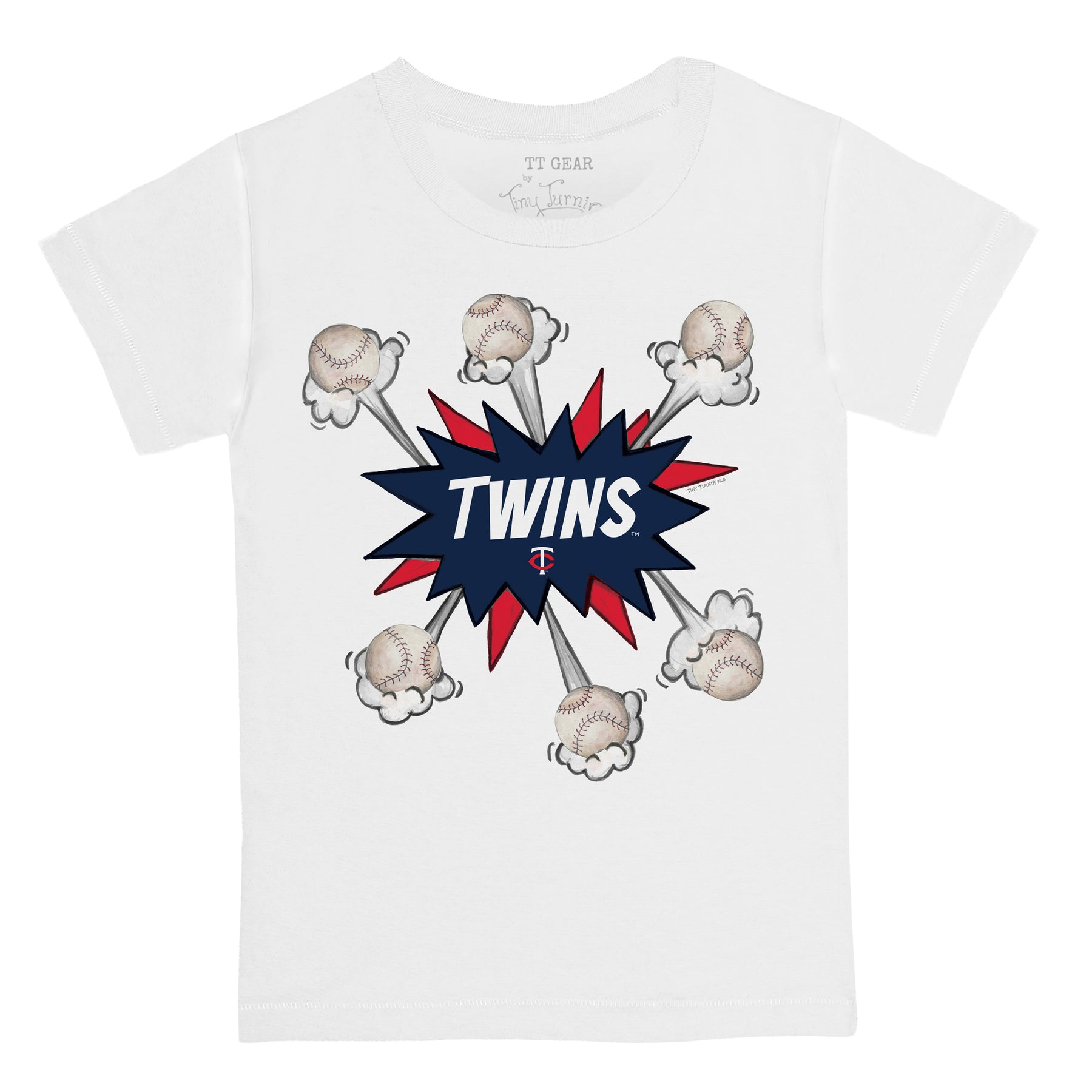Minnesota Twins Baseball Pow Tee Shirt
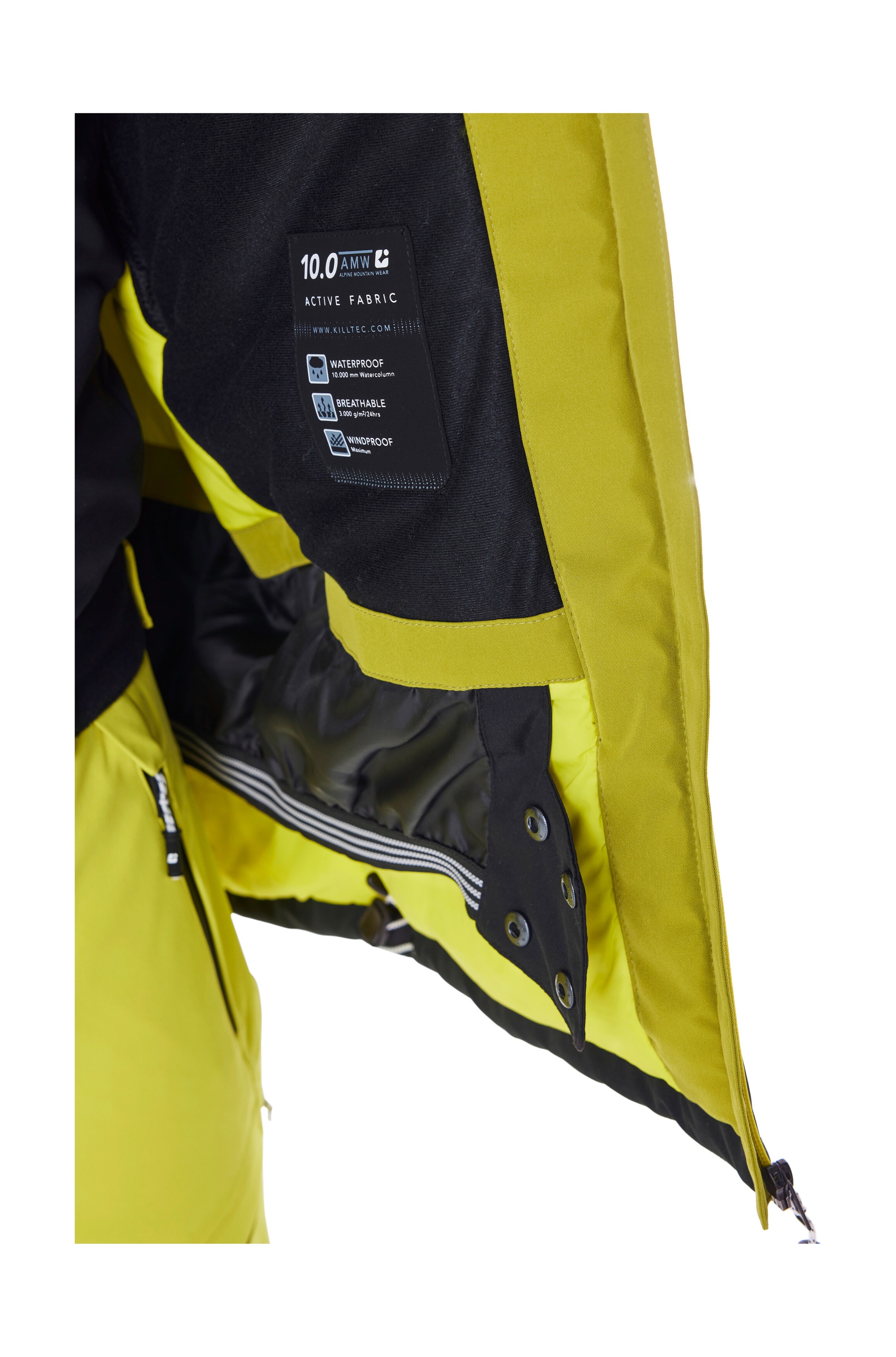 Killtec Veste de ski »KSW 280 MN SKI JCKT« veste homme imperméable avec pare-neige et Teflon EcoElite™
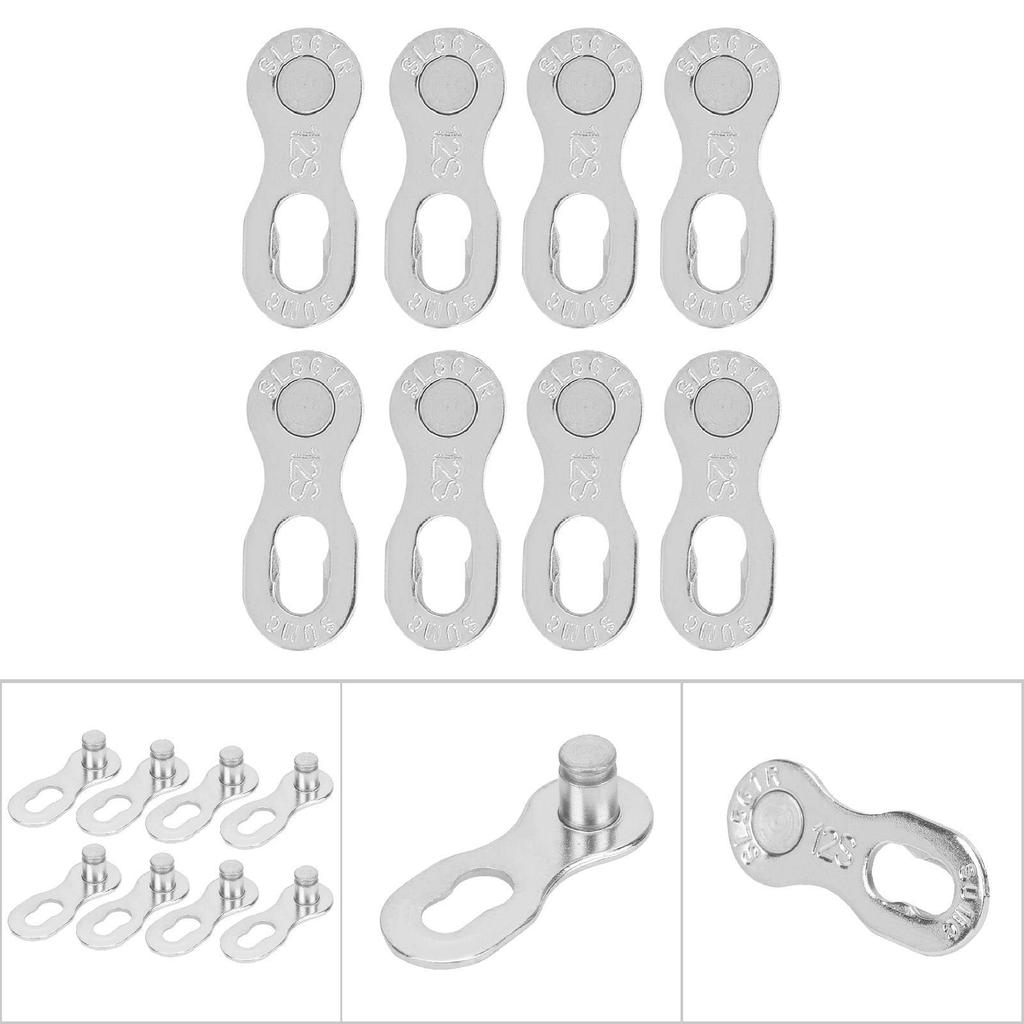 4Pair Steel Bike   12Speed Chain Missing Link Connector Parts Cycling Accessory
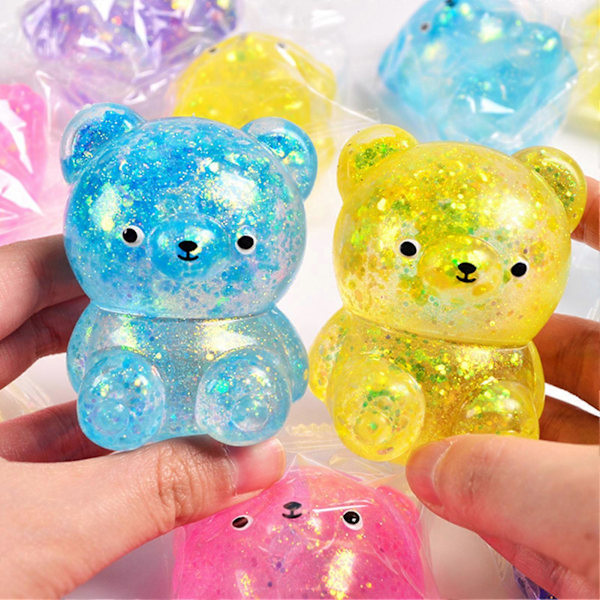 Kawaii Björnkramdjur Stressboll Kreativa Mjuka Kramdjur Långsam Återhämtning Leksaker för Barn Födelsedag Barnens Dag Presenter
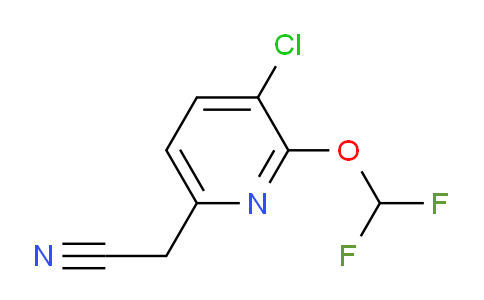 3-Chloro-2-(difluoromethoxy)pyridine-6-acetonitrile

---

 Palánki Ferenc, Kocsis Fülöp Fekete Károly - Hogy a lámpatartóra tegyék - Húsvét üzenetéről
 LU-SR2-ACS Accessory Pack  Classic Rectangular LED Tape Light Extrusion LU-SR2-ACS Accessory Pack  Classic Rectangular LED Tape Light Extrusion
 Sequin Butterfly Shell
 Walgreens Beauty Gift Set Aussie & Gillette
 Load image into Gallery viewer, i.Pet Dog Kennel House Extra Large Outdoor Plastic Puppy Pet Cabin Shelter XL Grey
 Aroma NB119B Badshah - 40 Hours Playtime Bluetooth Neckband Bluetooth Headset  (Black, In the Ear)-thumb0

---

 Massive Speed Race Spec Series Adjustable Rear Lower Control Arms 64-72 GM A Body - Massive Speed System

**Your objective:**
Transcribe the listing above exactly, but only from the line with "Kawaii Björnkramdjur Stressboll" through the line with "3-Chloro-2-(difluoromethoxy)pyridine-6-acetonitrile". Include both of those lines and omit the pictures.

**Solution to this problem:**
 Kawaii Björnkramdjur Stressboll Kreativa Mjuka Kramdjur Långsam Återhämtning Leksaker för Barn Födelsedag Barnens Dag Presenter
 3-Chloro-2-(difluoromethoxy)pyridine-6-acetonitrile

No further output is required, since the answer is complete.